An Imperial-led team of astronomers has announced the discovery of the most dist

An Imperial-led team of astronomers has announced the discovery of the most distant quasar yet seen

by Simon Levey
Thursday 30 June 2011

An international team of astronomers has announced the discovery of the most distant quasar yet seen. The quasar is an extremely bright source of light visible at infrared wavelengths, emitted as gas falls into a very massive black hole. The scientists have named it ULAS J1120+0641.

The discovery came to light thanks to data from an ongoing survey of the sky that is being conducted by scientists at the UK Infrared Telescope in Hawaii. Daniel Mortlock from Imperial College London is lead author on the paper describing the discovery, which is published in the journal Nature today.

Looking further away in space means looking back in time, because of the time the light takes to travel. Therefore by looking further away astronomers can view the history of the universe. Light from the quasar reaching Earth now has travelled for nearly 13 billion years (13,000 million years), meaning that we are seeing the quasar as it was when the universe was only six per cent of its present age , just 770 million years after the Big Bang. The newly discovered quasar lies in the constellation Leo, a few degrees from the bright galaxy Messier 66.
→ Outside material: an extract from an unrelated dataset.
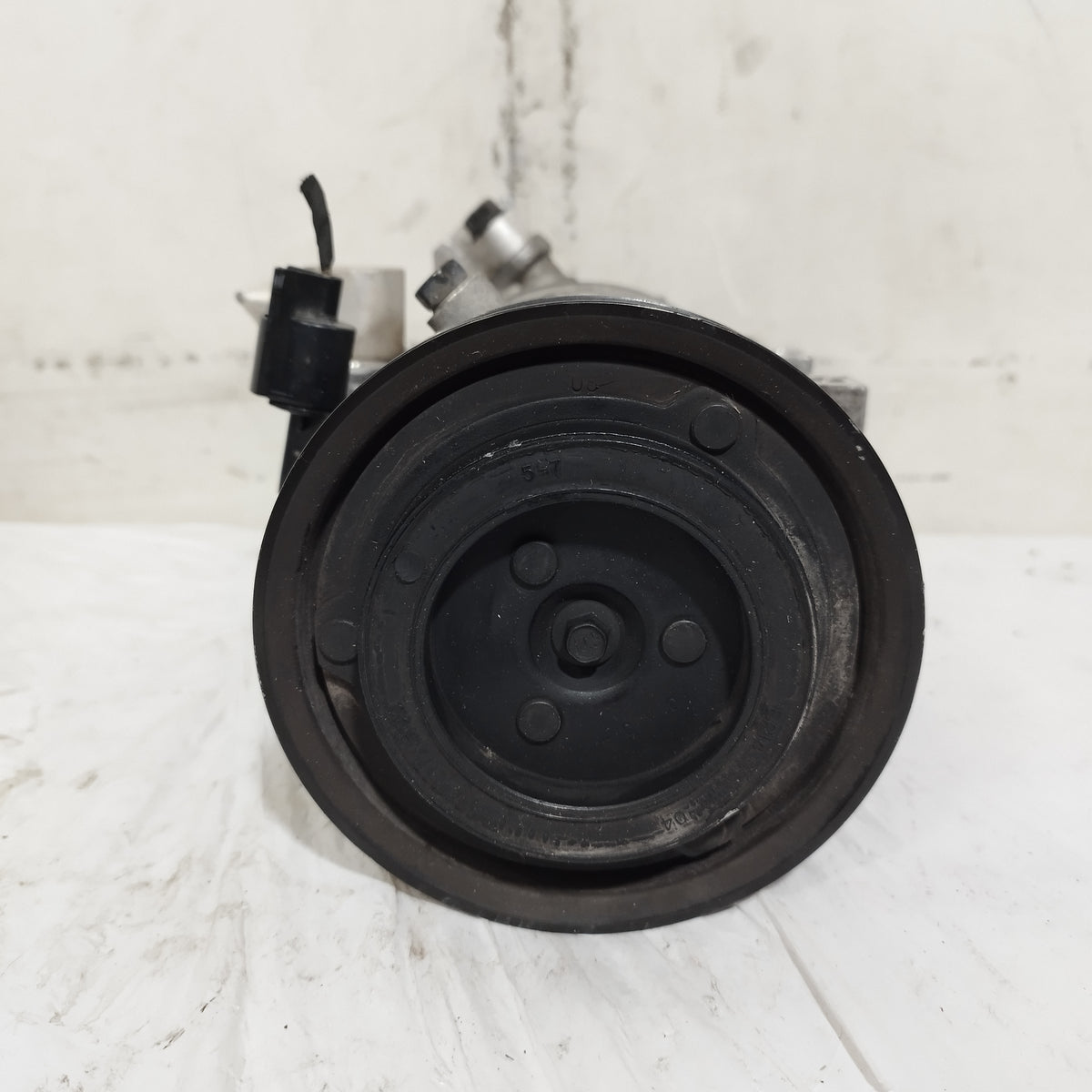 Compressore aria condizionata Hyundai I30 1.6 CRDI 2007-2011 cod: F500-AN8CA03 ecoAC16640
"The thing that is particularly important about this quasar is how bright it is," said Mortlock. "It’s hundreds of times brighter than anything else yet discovered at such a great distance. This means that we can use it to tell us for the first time what conditions were like when the universe was young."

Looking back in time

A quasar is formed when matter falls into a massive black hole at the centre of a distant galaxy. As it spirals in, the gas becomes extremely hot, emitting intense ultraviolet radiation. As the light emitted by a quasar travels towards us it is stretched by the expansion of the universe. This stretching is known as the redshift. The further the light travels, the greater the redshift. So by measuring the redshift astronomers can establish the distance of the light source, and how far back in time they are seeing.

Ultraviolet light from the quasar has been stretched to infrared light, which can be seen on Earth by the telescopes in Hawaii. Cosmologists can study this light in detail to find out what conditions were like in the gas surrounding the quasar at that early time.
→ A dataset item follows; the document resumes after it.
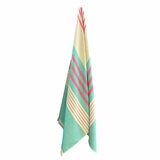 Made in Portugal 100% Cotton Beach Towel, in 8 Designs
Most of the gas in the universe is hydrogen, and at the present time it is mostly ionised, meaning that the atoms have been stripped of electrons. The hydrogen was ionised by quasars and hot stars, when they first formed, at a moment in the early history of the universe called the ’epoch of reionisation’. Before that time the hydrogen was mostly neutral, meaning the electrons and protons of hydrogen were combined. The scientists say that this quasar is seen far enough back in the history of the universe, that for the first time they can see the signature of neutral hydrogen.
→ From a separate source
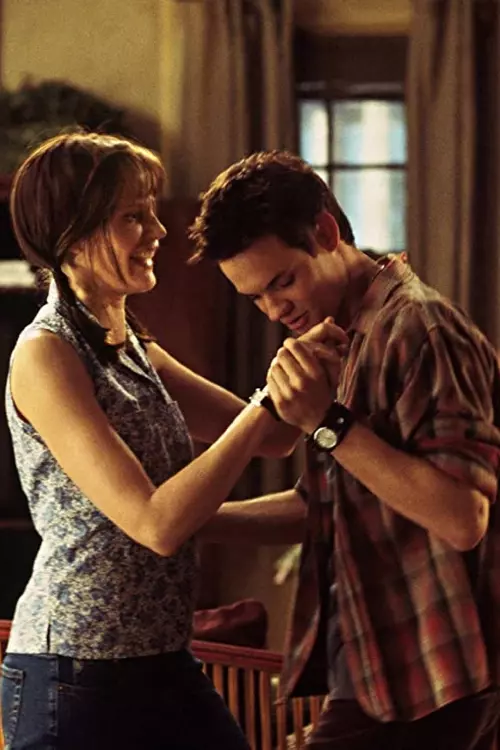 7. A Walk to Remember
The signature of neutral hydrogen was predicted in 1998 but it has never been observed before. "Being able to analyse matter at this critical juncture in the history of the universe is something we’ve been long striving for but never quite achieved," said Professor Steve Warren , leader of the quasar team in Imperial’s Department of Physics. “Now it looks like we have crossed the barrier with this observation. It’s like discovering a new continent which we can now explore."

Massive black hole

The mass of the black hole at the centre of the quasar also came as a surprise. Measurements of the light from the quasar show that the black hole had a mass of two billion of our suns. "This gives astronomers a headache," said Mortlock. "It’s difficult to understand how a black hole this massive can have grown so early in the history of the Universe. It’s like rolling a snowball down the hill and suddenly you find it’s 20 feet across!"

The team plans further detailed observations of ULAS J1120+0641, but also hope to find more such distant but bright quasars. Mortlock said: "There may be 100 such objects spread around the whole sky, but finding them amongst the billions of other objects in astronomical images is a serious challenge!"

Journal reference: D.J. Mortlock et al. ’A luminous quasar with a redshift of z = 7.085’ Nature, published online 30 June 2011.